General manager Bill Guerin said after coming so close to defeating Canada at 4 Nations, the United States has to “find an edge” and “figure out a way to get over the hump” at the Olympics.
It remains to be seen how much the roster will change. The United States invited 44 players to orientation camp (an injured Matthew Tkachuk did not attend). Sullivan said each player is in the running to make the 25-man roster.
“We’ve identified a number of players that we’ve got to really kind of get eyes on early and often,” Guerin said. “Torts is going to help us out with that as well. … Management and coaches watch games differently. We watch it like a scout; they watch it like a coach. So, it’ll actually be nice to get his view from a coaching aspect.”
Tortorella said there are probably four to six spots where the United States could tweak the roster. Guerin hasn’t given him a specific list of players to scout yet. Once he does, he’ll watch players on video, but he’ll try to watch them in person as much as possible. You can see only so much on video, and management and the coaches want to be fair.

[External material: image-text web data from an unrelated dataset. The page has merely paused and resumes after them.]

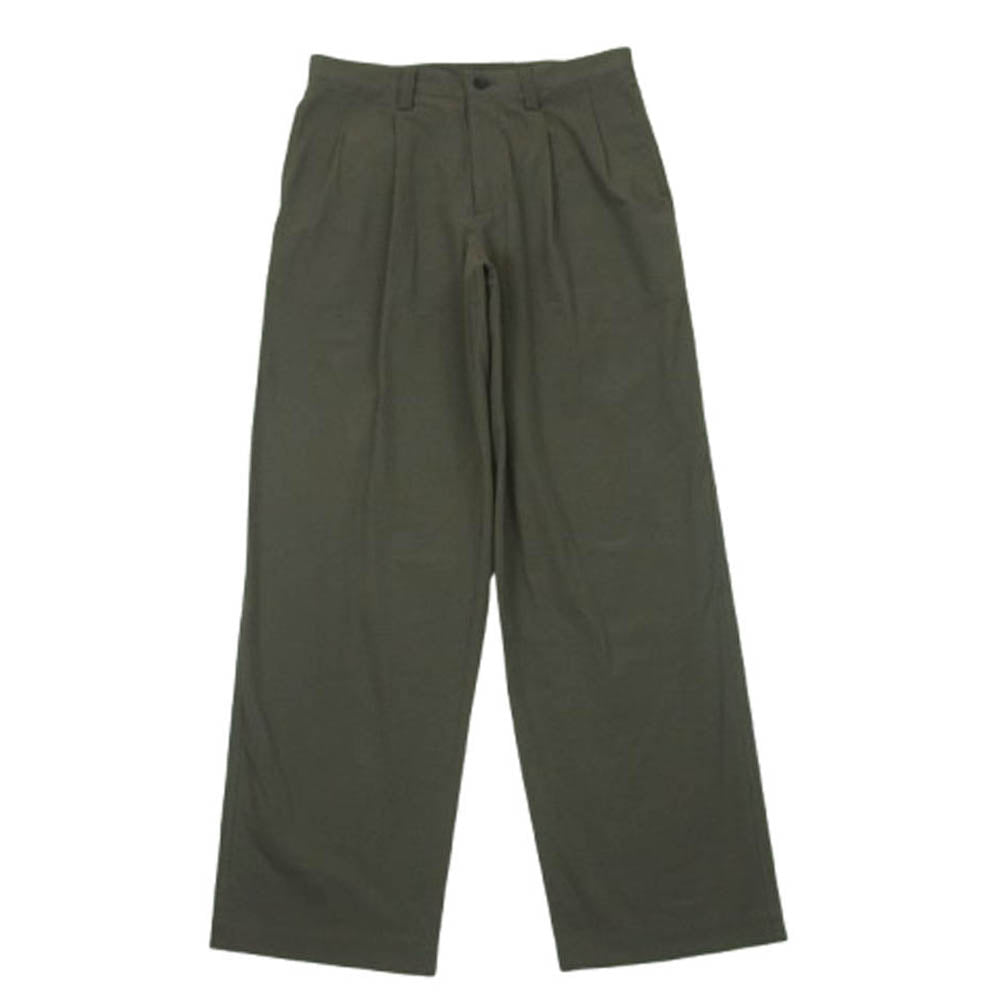 ISSEY MIYAKE イッセイミヤケ 25SS LA53FF084 IM MEN アイムメン オーガニックコットン100％ ワッシャータンブラー加工 ストレート パンツ チャコール系 2【中古】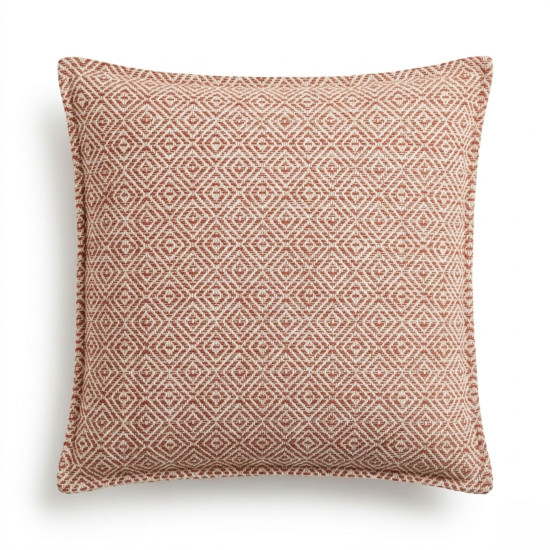 Housse de coussin classique - Carrés bordeaux - 45 x 45 cm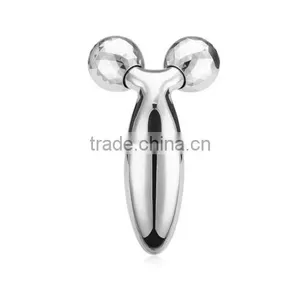 New 3D Y-shape Skin Lifting Tightening Face Body Slimming Massage Roller Massager thumbnail-5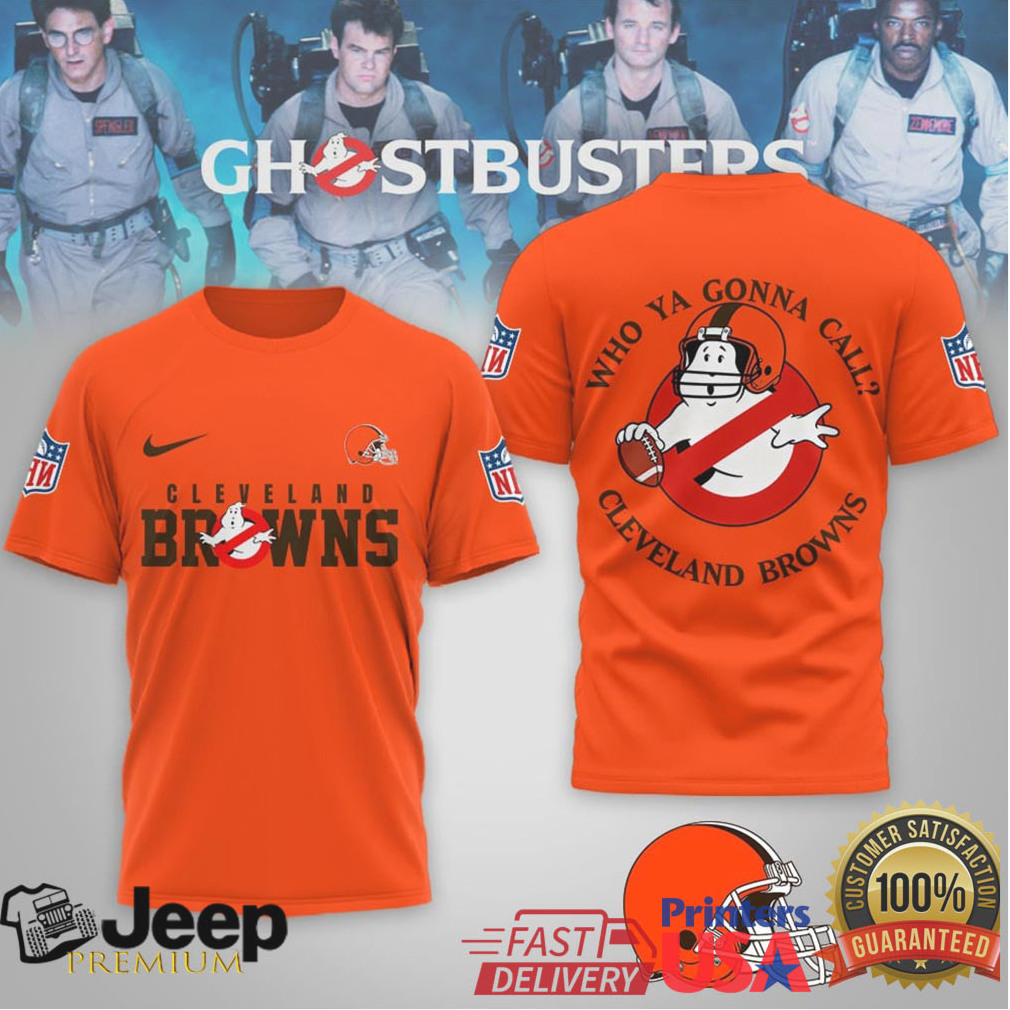 Cleveland Browns Official NFL Ghostbusters 3D Shirt Cleveland Browns Official NFL Ghostbusters 3D Shirt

“It’ll be really interesting for me selfishly, because I’m not going to be looking at a team play,” Tortorella said. “I’m going to be looking at a player play, and I’m usually wrapped up in watching [the] team concept. I’m going to be looking at skill. I’m going to be looking at will. I’m going to be looking at intangibles. All that stuff comes into play.”
What does the wise old man think the United States needs to do to get over the hump?
“It’s a great question,” Tortorella said. “To get over the hump, it doesn’t have to do with your physical skills — your skating, your speed, your goal-scoring. It has nothing to do with that. It’s a mindset.”
Tortorella said the United States has its eyes on Canada. The players must think, “They’re not doing it again to us.” They must think, “We’re the team now. We’re going to show you that we can beat you.”
“Don’t look by any other team,” Tortorella said. “But there’s no [gosh darned] question in my mind we’re looking right at Canada, and we want another shot at them, and they want another shot at us. Great people in both groups. No disrespect to anybody. I hope it comes to that, and that’s where I want to see us take the next step mentally.”
It will be special to help the United States go for gold with Sullivan, one of his proteges.
“Bottom line is, I know his family well, his kids,” Tortorella said. “We’ve been so close for so long. He’s a good [bleeping] person, and I think players see that. I think the players see that he cares about them, and I think they see the care of winning.
“That’s a tough thing to do, to blend together without players thinking you’re selfish, it’s all about you. It’s not about him. It’s about the product of trying to win hockey games. He wants to take care of you. He wants to know you. He wants to feel for your family. But he’s going to push you to areas that you’re not used to getting to, because that’s how you win.”